The data below needs to be returned exactly, line for line.

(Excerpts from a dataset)
BEGIN

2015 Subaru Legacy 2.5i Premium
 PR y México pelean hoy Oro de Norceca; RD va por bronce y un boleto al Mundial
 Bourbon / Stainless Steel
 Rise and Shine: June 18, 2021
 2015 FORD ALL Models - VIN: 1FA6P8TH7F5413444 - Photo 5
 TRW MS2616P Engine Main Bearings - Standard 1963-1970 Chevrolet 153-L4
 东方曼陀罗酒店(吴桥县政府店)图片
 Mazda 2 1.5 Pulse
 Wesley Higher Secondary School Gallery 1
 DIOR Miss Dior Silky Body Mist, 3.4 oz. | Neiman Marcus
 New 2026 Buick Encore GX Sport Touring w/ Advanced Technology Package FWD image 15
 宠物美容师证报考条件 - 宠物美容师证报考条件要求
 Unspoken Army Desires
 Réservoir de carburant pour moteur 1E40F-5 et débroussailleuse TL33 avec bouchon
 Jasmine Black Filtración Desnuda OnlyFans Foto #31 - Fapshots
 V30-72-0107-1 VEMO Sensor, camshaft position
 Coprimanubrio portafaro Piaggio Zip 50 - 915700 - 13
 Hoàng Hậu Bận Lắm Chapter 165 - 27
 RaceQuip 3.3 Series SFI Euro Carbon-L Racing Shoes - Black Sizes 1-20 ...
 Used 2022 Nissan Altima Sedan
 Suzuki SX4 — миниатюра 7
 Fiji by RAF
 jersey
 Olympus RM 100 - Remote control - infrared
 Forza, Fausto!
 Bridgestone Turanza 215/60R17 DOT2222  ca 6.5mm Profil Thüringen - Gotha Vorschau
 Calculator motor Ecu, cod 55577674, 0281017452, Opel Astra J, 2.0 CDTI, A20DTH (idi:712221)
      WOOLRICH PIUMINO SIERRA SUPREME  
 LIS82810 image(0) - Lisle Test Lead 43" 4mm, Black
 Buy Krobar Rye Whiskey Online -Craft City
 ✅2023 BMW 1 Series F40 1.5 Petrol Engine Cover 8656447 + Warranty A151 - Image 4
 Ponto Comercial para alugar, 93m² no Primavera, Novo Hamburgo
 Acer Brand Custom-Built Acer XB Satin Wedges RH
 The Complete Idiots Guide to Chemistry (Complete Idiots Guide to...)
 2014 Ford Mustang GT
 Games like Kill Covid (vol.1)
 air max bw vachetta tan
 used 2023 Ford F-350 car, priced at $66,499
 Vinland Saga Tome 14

END

## Your response
2015 Subaru Legacy 2.5i Premium
 PR y México pelean hoy Oro de Norceca; RD va por bronce y un boleto al Mundial
 Bourbon / Stainless Steel
 Rise and Shine: June 18, 2021
 2015 FORD ALL Models - VIN: 1FA6P8TH7F5413444 - Photo 5
 TRW MS2616P Engine Main Bearings - Standard 1963-1970 Chevrolet 153-L4
 东方曼陀罗酒店(吴桥县政府店)图片
 Mazda 2 1.5 Pulse
 Wesley Higher Secondary School Gallery 1
 DIOR Miss Dior Silky Body Mist, 3.4 oz. | Neiman Marcus
 New 2026 Buick Encore GX Sport Touring w/ Advanced Technology Package FWD image 15
 宠物美容师证报考条件 - 宠物美容师证报考条件要求
 Unspoken Army Desires
 Réservoir de carburant pour moteur 1E40F-5 et débroussailleuse TL33 avec bouchon
 Jasmine Black Filtración Desnuda OnlyFans Foto #31 - Fapshots
 V30-72-0107-1 VEMO Sensor, camshaft position
 Coprimanubrio portafaro Piaggio Zip 50 - 915700 - 13
 Hoàng Hậu Bận Lắm Chapter 165 - 27
 RaceQuip 3.3 Series SFI Euro Carbon-L Racing Shoes - Black Sizes 1-20 ...
 Used 2022 Nissan Altima Sedan
 Suzuki SX4 — миниатюра 7
 Fiji by RAF
 jersey
 Olympus RM 100 - Remote control - infrared
 Forza, Fausto!
 Bridgestone Turanza 215/60R17 DOT2222  ca 6.5mm Profil Thüringen - Gotha Vorschau
 Calculator motor Ecu, cod 55577674, 0281017452, Opel Astra J, 2.0 CDTI, A20DTH (idi:712221)
      WOOLRICH PIUMINO SIERRA SUPREME  
 LIS82810 image(0) - Lisle Test Lead 43" 4mm, Black
 Buy Krobar Rye Whiskey Online -Craft City
 ✅2023 BMW 1 Series F40 1.5 Petrol Engine Cover 8656447 + Warranty A151 - Image 4
 Ponto Comercial para alugar, 93m² no Primavera, Novo Hamburgo
 Acer Brand Custom-Built Acer XB Satin Wedges RH
 The Complete Idiots Guide to Chemistry (Complete Idiots Guide to...)
 2014 Ford Mustang GT
 Games like Kill Covid (vol.1)
 air max bw vachetta tan
 used 2023 Ford F-350 car, priced at $66,499
 Vinland Saga Tome 14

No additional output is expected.